1.1. Qu’est-ce qu’une image « urbaine » ?

Loin des clichés du folklore régional ou des musiques « traditionnelle », associées à tort ou à raison au monde rural, les interprètes de la scène française contemporaine entretiennent une image d’urbain. Toutes les formes de productions visuelles – officielles ou relevant de la sphère prétendument privée – photographies, visuels des pochettes de disque, clips qui accompagnent les titres, mettent en scène les interprètes à travers des codes que l’on peut qualifier d’urbains. Ceux-ci les associent non seulement à la ville, mais à la « grande ville », une métropole régionale, la capitale voire une ville-monde. Dutronc et Gainsbourg cultivent dès leurs débuts l’héritage du Saint-Germain-des-Prés des années cinquante, dans lequel bouillonnait la vie nocturne. La chemise et le costume sont portés avec plus ou moins de négligence mais toujours en référence à des codes vestimentaires identifiés. De la même manière mais dans un autre registre, Renaud en gavroche, pantalon de cuir et veste en jean puis blouson noir sur ses trois premiers albums soigne particulièrement son identification aux quartiers populaires (Copans, 2014). GCM adopte sur ses deux premiers albums un style « urban », conforme aux quartiers dont il se veut porte-parole et au public auquel il s’adresse ; tee-shirt, jean, veste zippée, baskets.
A partir de ces codes visuels, les interprètes s’inscrivent spontanément dans un registre urbain, qui se construit, aussi et surtout, autour d’une identité sonore.

1.2. Un son « urbain »

Du point de vue acoustique, la musique traduit l’appartenance aux territoires urbains à travers trois dimensions : le genre musical, les accents de l’interprétation et la langue utilisée.
Les territoires tels qu’ils apparaissent en filigrane à travers notre sélection traduisent une appartenance assez large aux cultures urbaines, sans qu’on puisse les ranger dans le cadre étroit des « musiques urbaines » (rap, hip hop). Néanmoins, la chanson française contemporaine se décline dans des sous-ensembles incluant le blues ou le jazz pour Nougaro, le pop rock et même le bal musette pour Renaud, le rock festif alternatif pour Mano Negra ou les Ogres de Barback, le reggae ou le ragga pour Zebda et Massilia Sound System, une forme de rap pour les Fabulous Trobadors, le slam pour Grand Corps Malade. Cet éventail de styles, loin d’être exhaustif, s’apparente aux territoires qui sont ceux de la production culturelle, à savoir les territoires urbains. Quelques mesures suffisent pour les assimiler musicalement à des cultures urbaines.

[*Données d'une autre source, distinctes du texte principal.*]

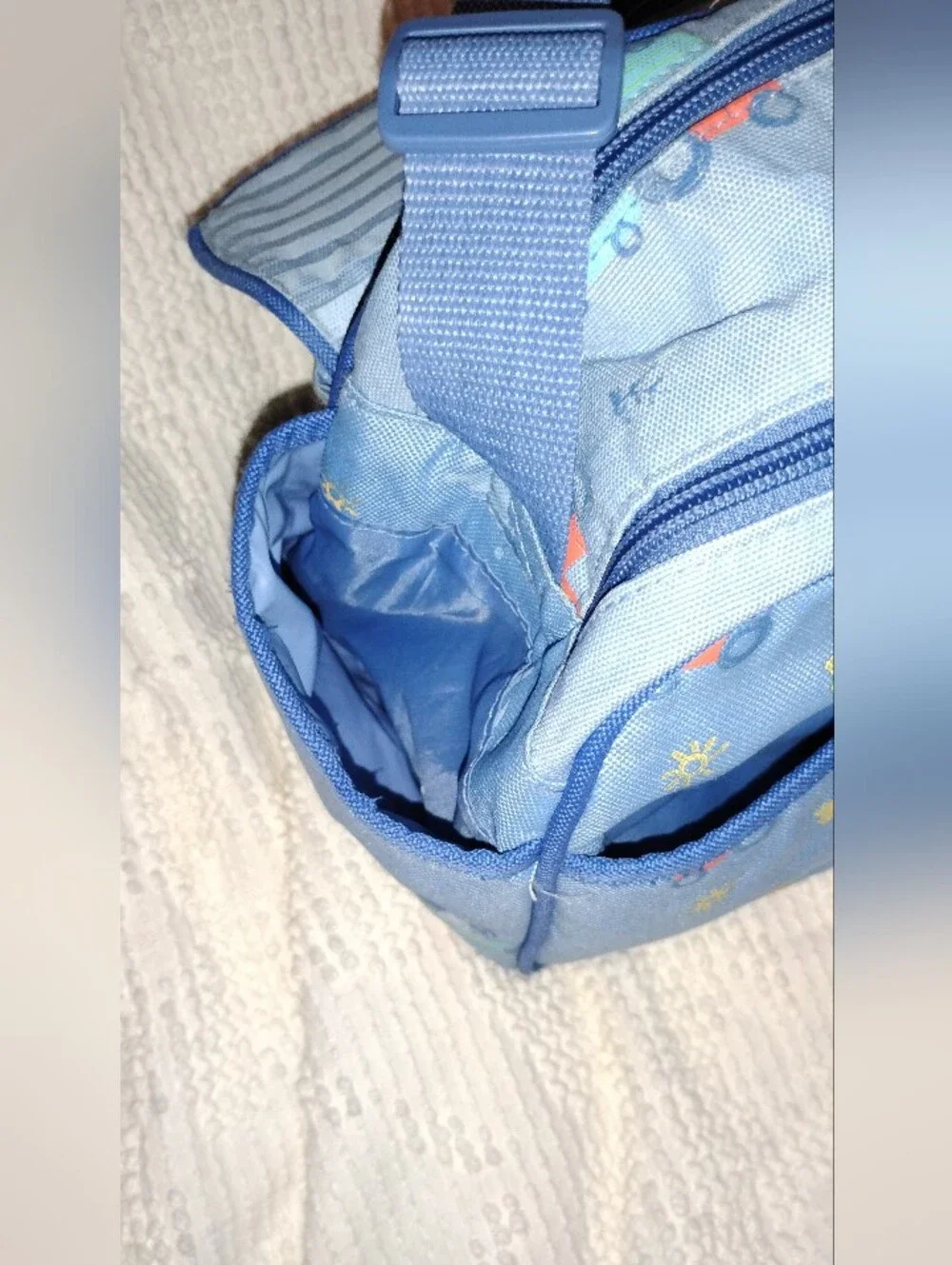Vintage Y2K Carter's Starters RARE Blue Puppy Diaper Bag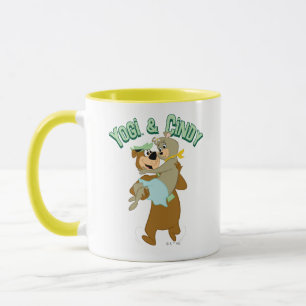 Yogi Bear Carrying Cindy Bear Mug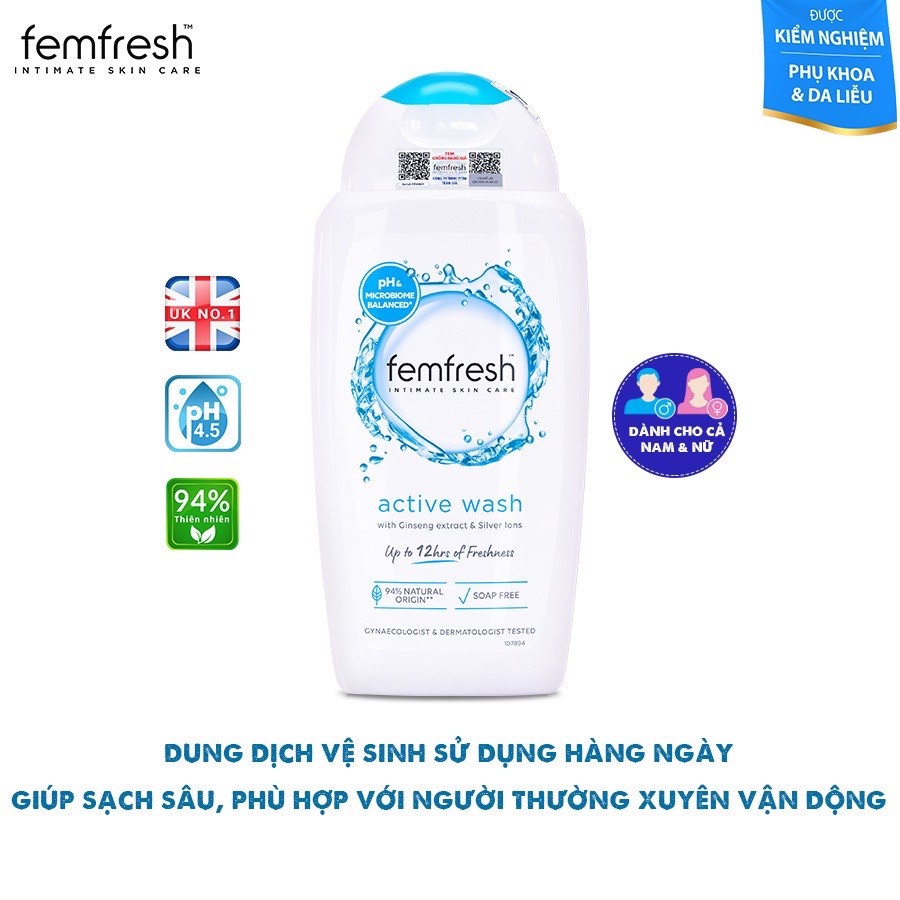 Dung dịch vệ sinh phụ nữ Femfresh Daily Intimate Wash 250ml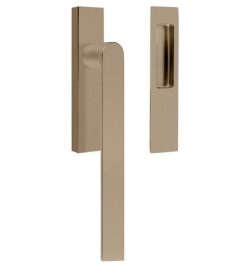 Hef/schuifdeurbeslag PIET BOON ARC PBA230 Blind PVD licht brons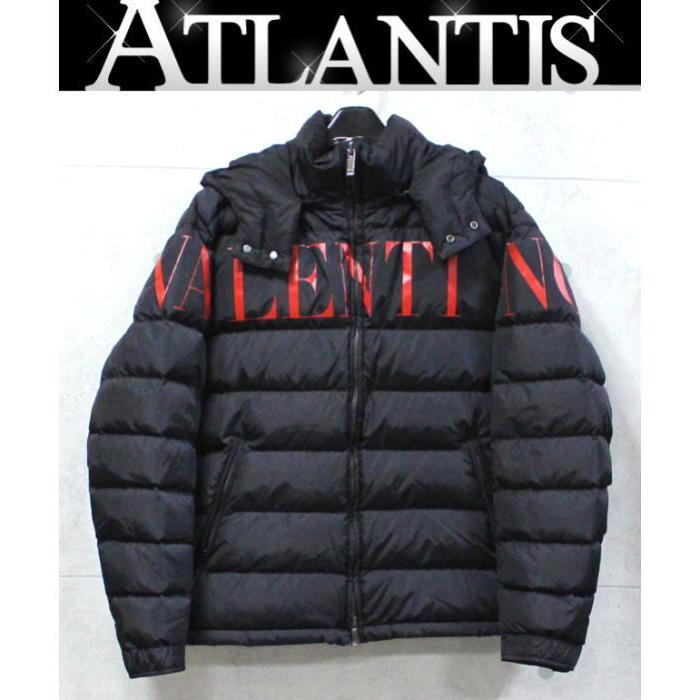 美品 ヴァレンティノ VALENTINO メンズ ダウンジャケット 黒 美品 ヴァレンティノ VALENTINO メンズ ダウンジャケット 黒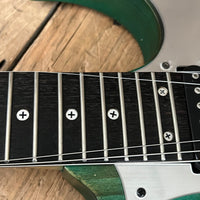 SOLD - Ibanez 1996 JEM7 Burnt Stained Blue Steve Vai - Mahar's Vintage Guitars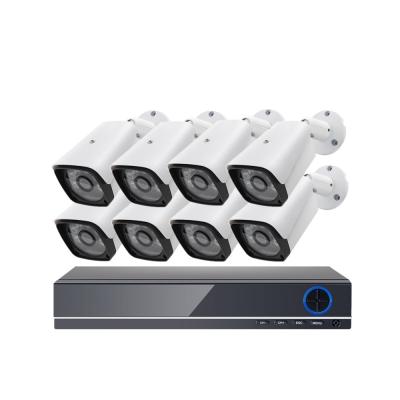 China 12V/2A 8CH 1080P HD NVR Kit POE Switch CCTV POE IP Camera System IP66 Waterproof for sale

Certains ajoutent un fond sonore directement puisé dans les bruits de la ville, fragments du paysage sonore (Shaffer, 1977), pour inscrire davantage le processus de production dans l’ambiance même de la ville ; Mano Negra pour une atmosphère de bistrot dans « Paris la nuit » (King of Bongo, 1991) ou GCM dans « Saint Denis » (Midi 20, 2006).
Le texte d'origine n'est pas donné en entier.